Nurse Barb: Barb, I am so excited to hear that you are also working on mental health. This is terrific, because sometimes we, in women’s health, we know that they are very much connected. But in terms of physical health, one of the things I’ve been working on a lot is helping patients, or women, really, identify what can they do to stay healthy right now. And you are in the Midwest; the weather sometimes doesn’t cooperate out there the way it does in the West Coast. It would be interesting to hear what you have been telling your patients. But we’ve been telling especially our postmenopausal patients, “Oh my God, overnight I had twenty pounds at my midsection, I can’t zip up my pants, and I don’t want to sit around in my PJs all day on Skype or Zoom,” on their calls. And so working with them on making better choices, finding great recipes, even making lists of different kinds of food they can buy at their local grocery store.
And then the exercise: Here, let me show you this app that you can get for doing just ten minutes of yoga, because sometimes people get intimidated by doing a whole hour of exercise. Do you think you could do five minutes or ten minutes, that’s really helped a lot of people go, “Oh!” But I’ll tell you the thing that helps a lot of people who are my age, and look, I’m sixty-two and I gotta stretch, because I can’t walk my three miles without knee pain, so I need to stretch, let me show you what I do. And then they say, “Oh, you do it too?” So then they don’t feel like there’s something wrong with them; everyone has to make these adjustments.
And then finally, I also share research with patients from what we know from the North American Menopause Society, what we know about making choices about food. Using a lot of awareness around making choices and helping people kind of look at, oh my gosh, am I just eating unconsciously, am I reaching for something because it is that time of day or I’m watching my favorite show.
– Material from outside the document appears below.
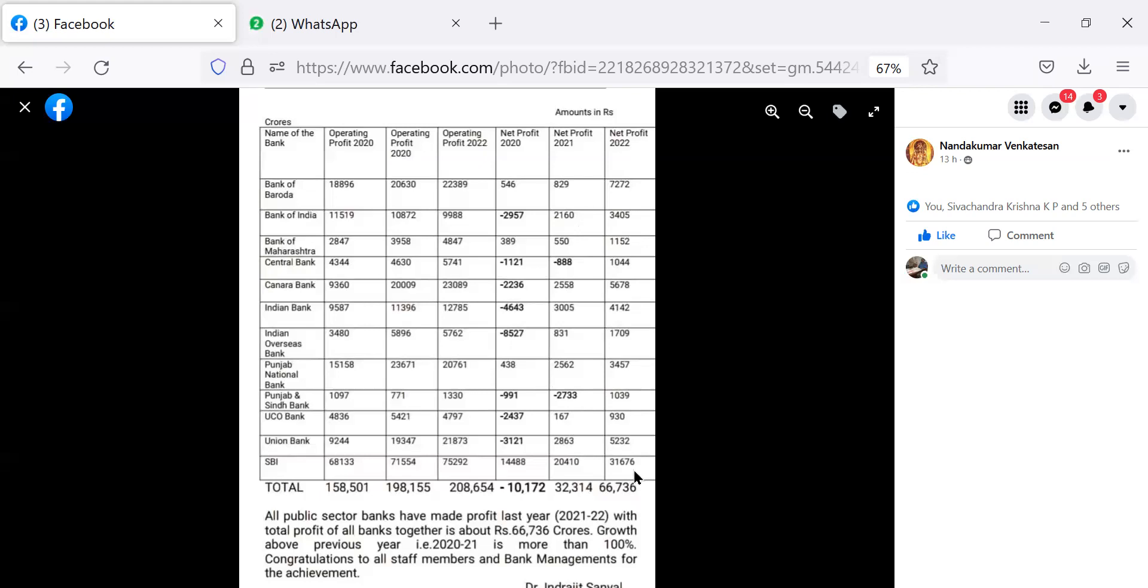Coming to 2022, highest profit, SBI, 31,676. Among other public sector banks, highest is Bank of Baroda, 7,272. No bank has incurred loss. But least profit means it comes to UCO Bank, 930 crore.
One of the things I’ve been doing is so old school, so old fashioned, but it works, and that’s food diaries. Writing down what’s going on emotionally. I’m helping my patients say, what am I really hungry for right now? Am I hungry for some nurturing? Am I hungry for a way to express some negative emotions, like you just had an argument with your partner and you run to the refrigerator to see if the answer is in there? I do that, right? Do we use food to celebrate? So, I’m working on a lot of food awareness and choices and patients are like, wow, having these aha moments. I’m not hungry, but everyday at four o’clock I have this, people are either salty and crunchy or they are sweets. And so we just try to identify what is that, and what other choice might you make. We also talk a lot about motivation. And still, so many of us are like, I want to be healthy. No, no, no. Tell me the real truth. Okay, I want to look good in that dress. Okay, I know I’m going to see my family at a wedding; I want to look good. That I can buy and that’s a good motivation and that will help you stop, pause, breathe, and say, what am I really hungry for right now, and do I want to make that choice in the moment?
Dr. Barb: Good. Well thanks for your comprehensive, I would say, very comprehensive way to try to help women seek and achieve a better sense of health and wellness in this really challenging time. So, thanks for your time today Barb.
Nurse Barb: Oh, thank you Barb. I appreciate being asked. I hope you have a great day.